Commanders and leaders

Strength
- 20,000+: 375,000~

Casualties and losses
- none: none

= Operation Vigilant Sentinel =

Operation Vigilant Sentinel was a response to Saddam Hussein advance of its military forces on the border with Kuwait. The United States deployed the 74th Air Control Squadron to Kuwait on August 24, 1995. The specific battle management functions the 74th Air Control Squadron and its counterparts performed included surveillance, data link management and weapons control. The deploying units were part of a ground theater air control system, consisting of a control reporting element and an air support operations center. The US then deployed 3,500 soldiers to Kuwait in October 1996 as a deterrent to further hostile Iraqi acts toward Kuwait following the expansion of the Iraqi no-fly zones.

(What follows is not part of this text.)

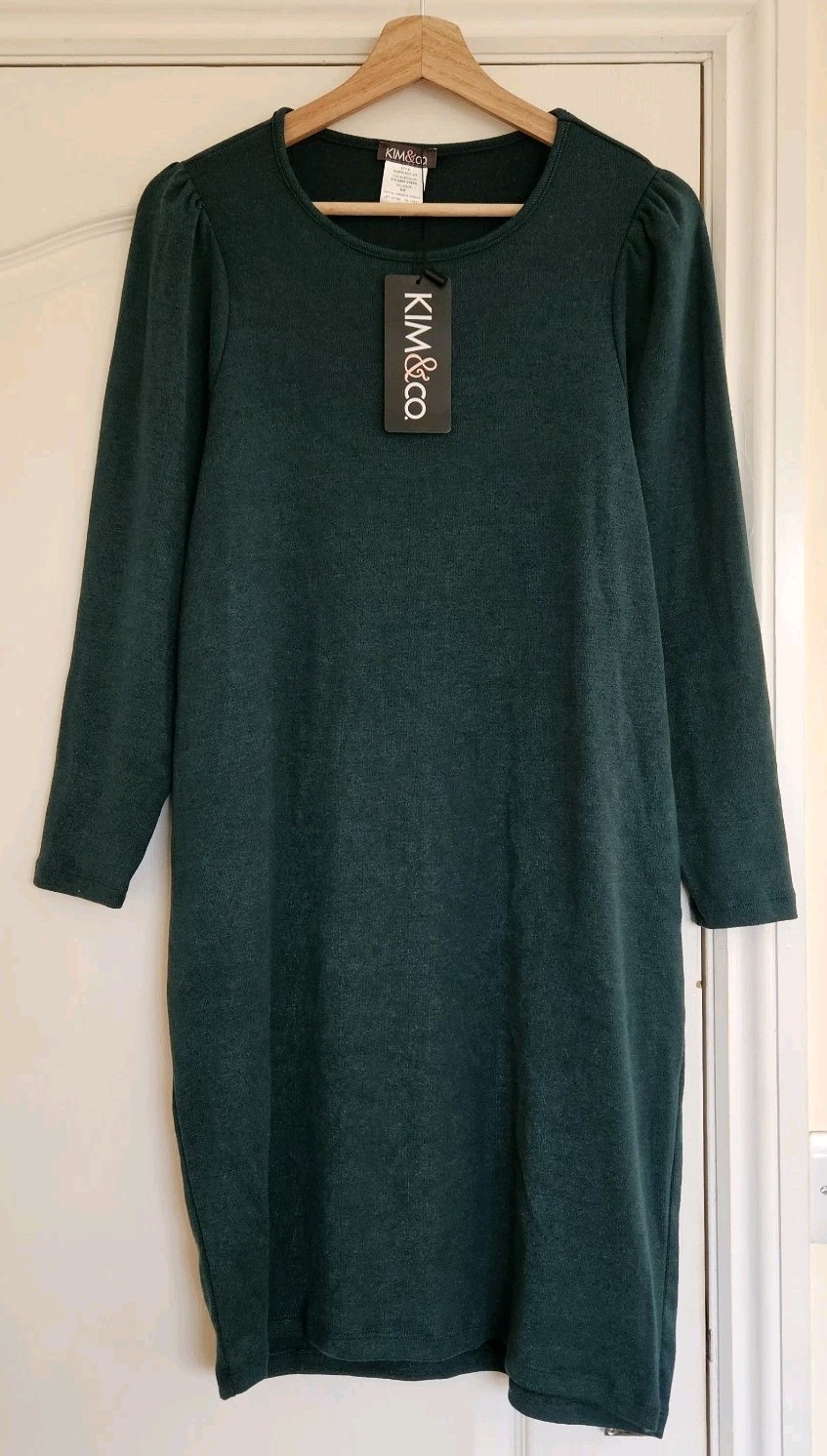Kim & Co Divine Knit Round Neck Long Sleeve Dress, Deep Green, Size S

Third Army/ARCENT provided command and control for a rapid deployment of a heavy brigade task force. Once more, Iraqi threats were decisively met while ARCENT simultaneously conducted a major training exercise in Egypt, codenamed "BRIGHT STAR 95," involving military forces from 6 other nations. This contingency operation validated critical procedures for deployment, particularly the off-loading of equipment from floating prepositioning ships and its distribution to arriving soldiers. The deployment of a "Fly-Away Package" of key contingency staff also validated procedures for a rapidly deployed command and control group able to conduct combat operations immediately upon arrival.

United States Navy and US Marine Corps combat forces (15th MEU) and active and reserve Military Sealift Command forces responded to Iraqi threats against Jordan and Kuwait. Maritime Pre-positioning Ship Squadron Two sortied from Diego Garcia with equipment for a 17,300-Marine combat force and remained on-station to provide rapid response capability.

Operation Vigilant Sentinel's response quickly convinced Saddam Hussein to withdraw his forces from the Kuwaiti border.